# Forum Home Renovation Stairs, Steps and Ramps  Minimum stair width

## Gambier

Hi all, 
Building a set of internal stairs for a client. they want to fit between existing light steel joists. they want to make them 600mm wide. i know this is not recommended but i can find anything in the BCA on minimum widths?? any  suggestions? 
thanks

----------


## phild01

Know what you mean.  I think I read somewhere that 600mm is allowed to handrail.  Personally, if for general use, it is not a comfortable width especially with winders.  Suggest draw a quick plan and send to a stair co. for a quote.  They will know best the regs.

----------


## Gambier

ok cheers. might do that cause im also having trouble ftting them in the space required.
thanks

----------


## barney118

funny I dont think the BCA has a minimum width but a guide would be shoulder width, BCA has going and risers as far as I know.

----------


## Gambier

Yeah thats the problem ive had. Ive read people saying 600 and 750 but nothing in the bca. You would think thats pretty important

----------


## intertd6

> Yeah thats the problem ive had. Ive read people saying 600 and 750 but nothing in the bca.
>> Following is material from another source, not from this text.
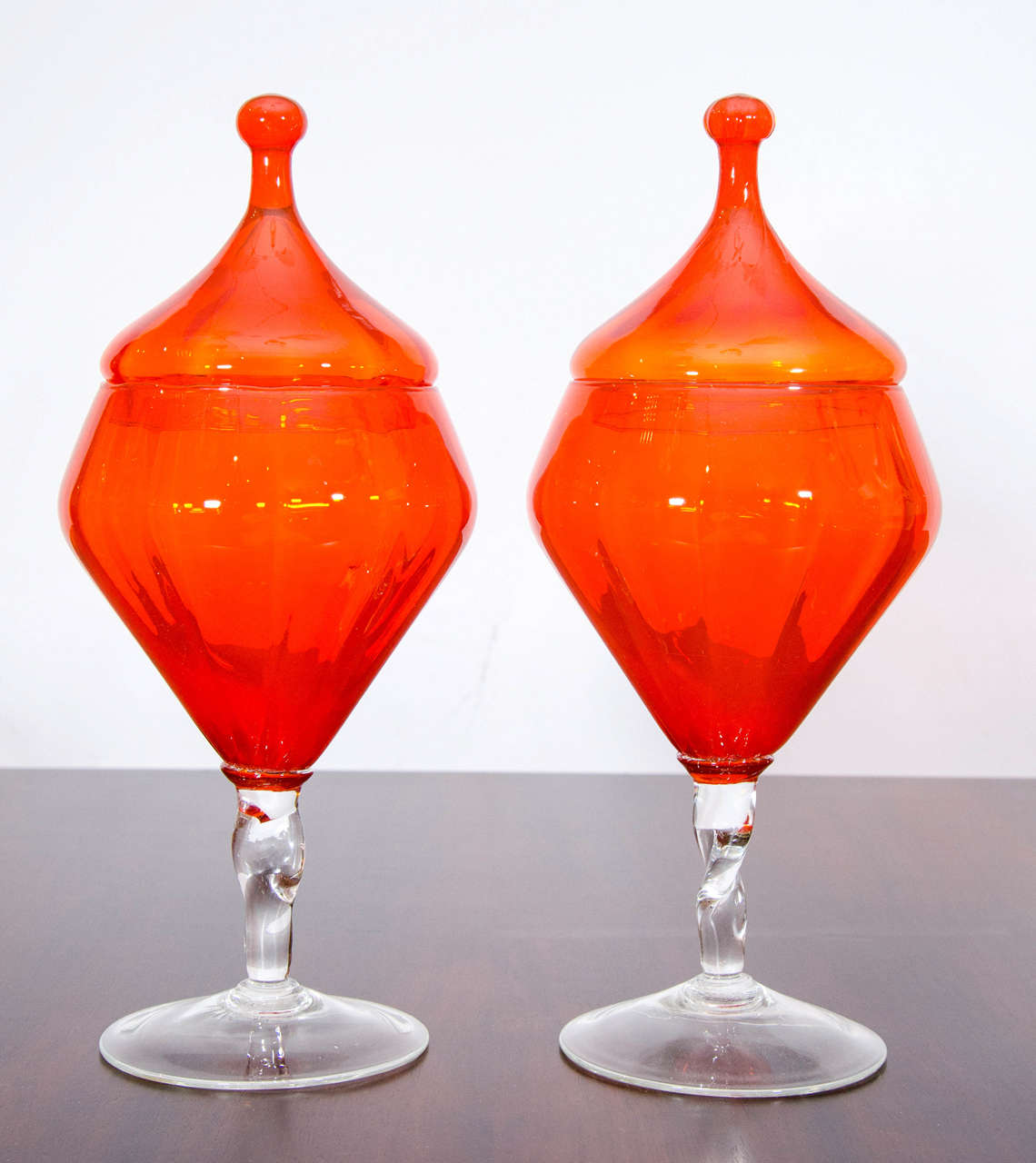 Beautiful pair of apothecary jars by Empoli in a striking orange with clear glass twisted stems. Please contact for location.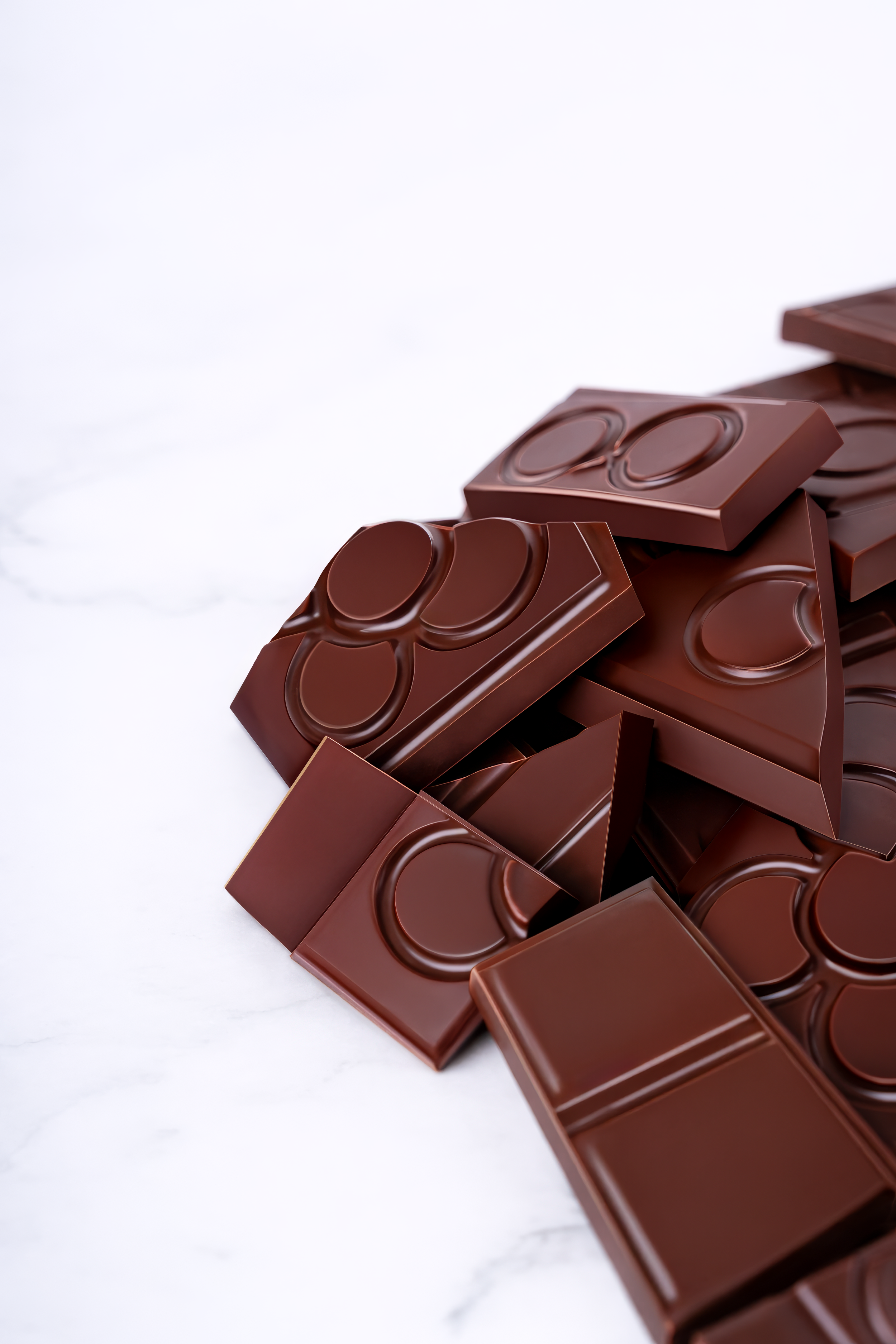 Piezas de chocolate oscuro en una superficie blanca.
You would think thats pretty important

   It's 600mm between the handrails & handrails are only required in some situations
try this site http://www.ozstair.com.au/design-centre/bca-regulations
regards inter

----------


## phild01

> It's 600mm between the handrails & handrails are only required in some situations
> try this site http://www.ozstair.com.au/design-centre/bca-regulations
> regards inter

  That looks like where I read it.

----------